- Work instructions: Without including the pictures, copy out every line below.

- Data excerpt:

▶

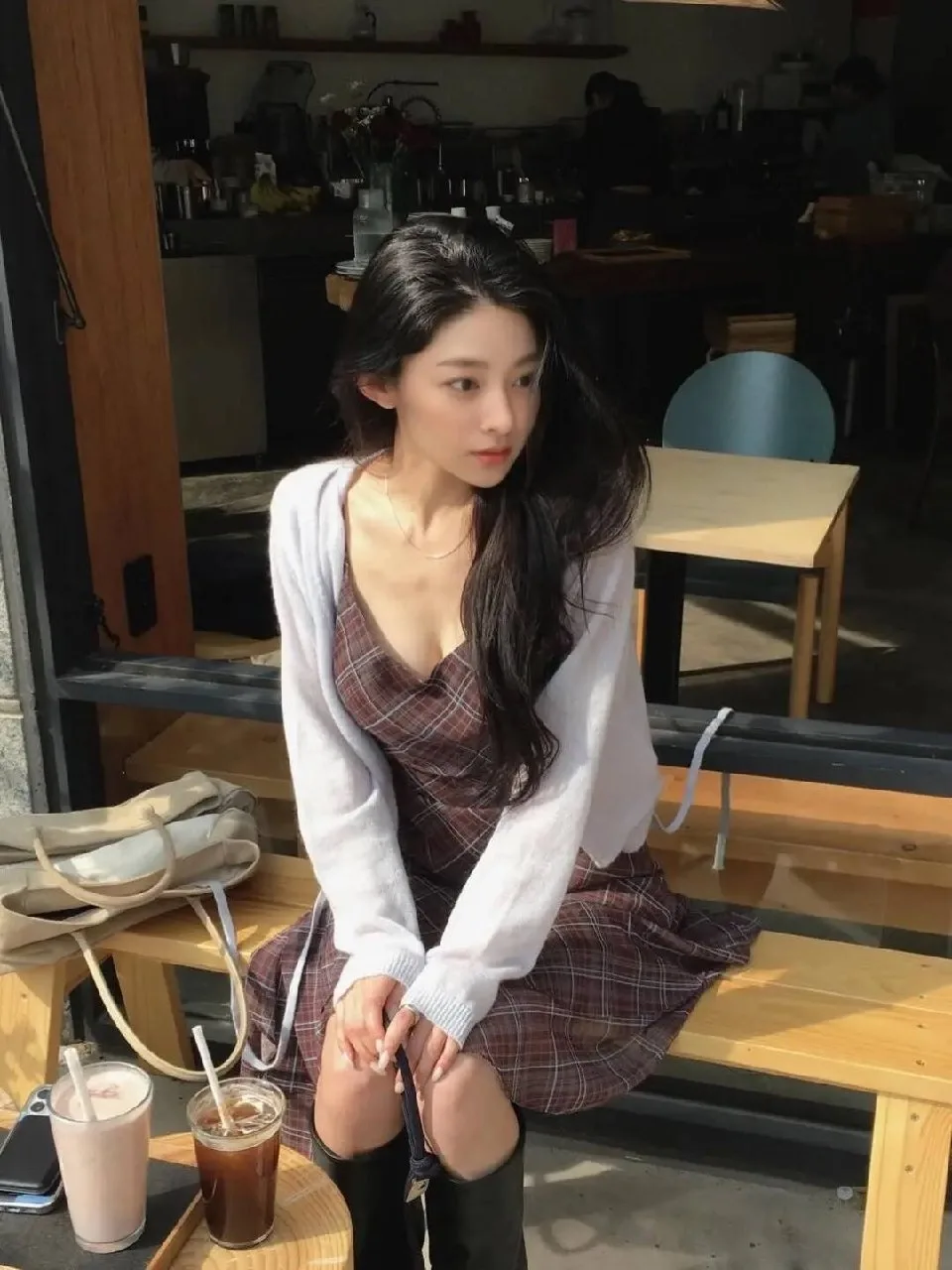 验证视频封面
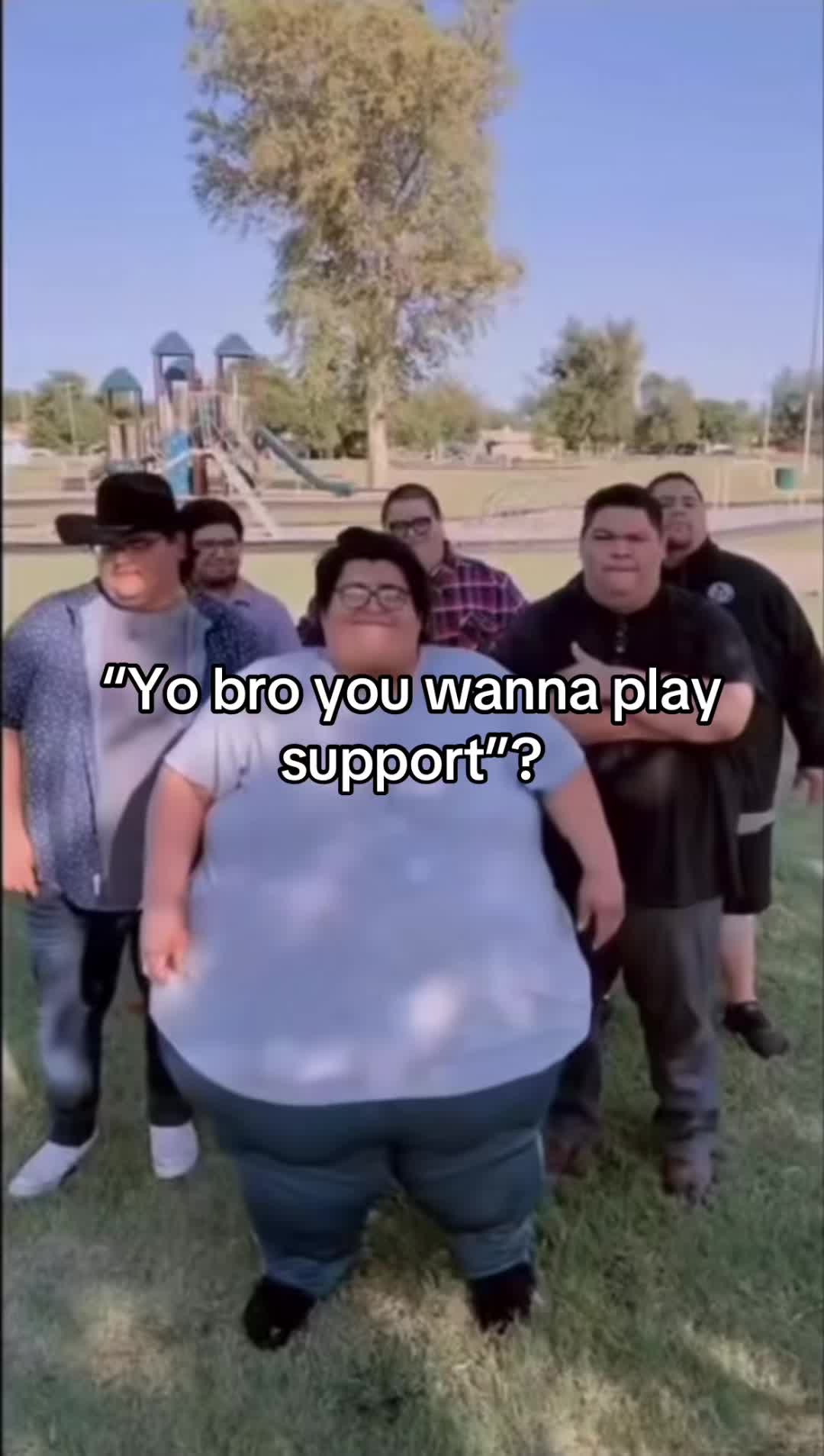 @𝑑𝑦𝑙𝑎𝑛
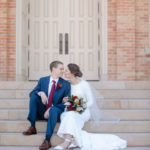 Provo-City-Center-Temple-Wedding-Photography-24-150x150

◀

- Your response:
 验证视频封面
 @𝑑𝑦𝑙𝑎𝑛
 Provo-City-Center-Temple-Wedding-Photography-24-150x150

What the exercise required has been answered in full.